3. Share Repurchase Option. In the event HCAM chooses to affect the Sponsor Share
Purchases, HCAM shall have the option, in its sole discretion, to require GCAC to repurchase on
the closing date of the Acquisitions all or any part of the shares acquired by HCAM through the
Sponsor Share Purchases for an aggregate purchase price equal to the aggregate purchase price paid
by HCAM for such shares (the “Share Repurchase Option”); provided, however,
that such purchase shall be subject to the approval of a majority of the disinterested members of
the Board if the purchase price for such shares is more than five percent (5%) greater than the per
share amount to be received by GCAC shareholders that exercise their option to convert their shares
to cash in accordance with the terms of GCAC’s Amended and Restated Certificate of Incorporation.
The Share Repurchase Option may only be exercised by written notification from HCAM to GCAC that
HCAM has chosen to exercise the Share Repurchase Option with respect to all or any part of the GCAC
shares acquired through the Sponsor Share Purchases within one day prior to the Special Meeting.
In the event HCAM exercises the Share Repurchase Option it will
relinquish all of its rights to affect the Permanent Financing Exchange.

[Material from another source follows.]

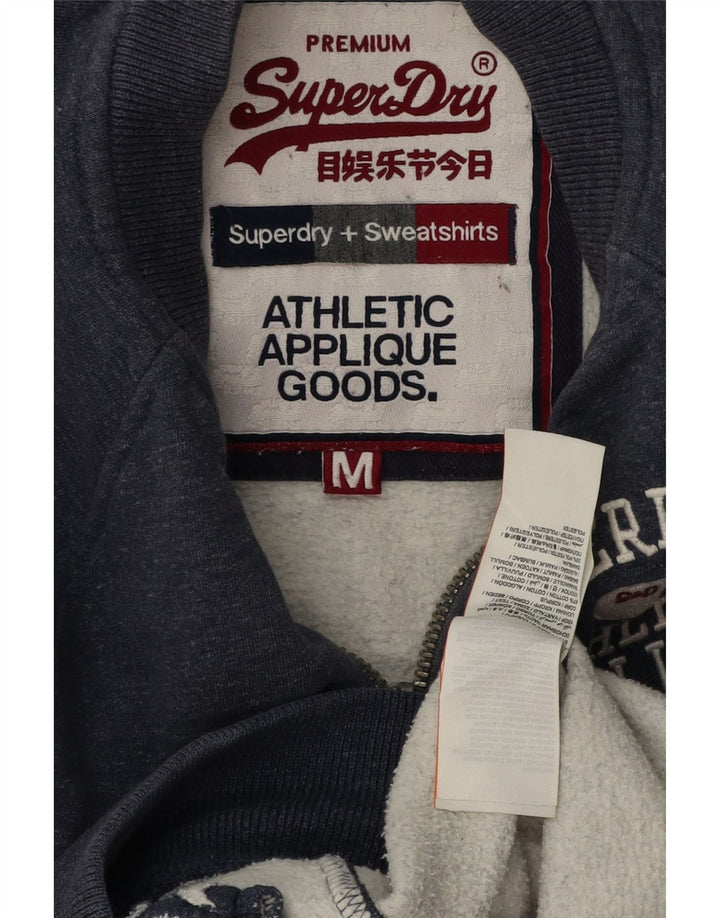 Superdry Mens Graphic Tracksuit Top Jacket Médio Azul Marinho Salpicado de Algodão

4. Indemnification. GCAC will indemnify, defend and hold harmless HCAM, its
affiliates, any current or previous investors in any of the funds or accounts it manages, any
other person acting on behalf of such persons, and each other person, if any, who controls any of
the foregoing persons within the meaning of the Securities Act of 1934, as amended, against any
obligations, claims, disputes, losses, damages, expenses or liabilities, joint or several, (or
actions in respect thereof) to which any of the foregoing persons may become subject and insofar as
such, obligations, claims, disputes, losses, damages, expenses or liabilities (or actions in
respect thereof) arise out of or are based upon the Sponsor Share Purchases or any related
agreements or transactions contemplated thereby, regardless of whether HCAM is a party thereto.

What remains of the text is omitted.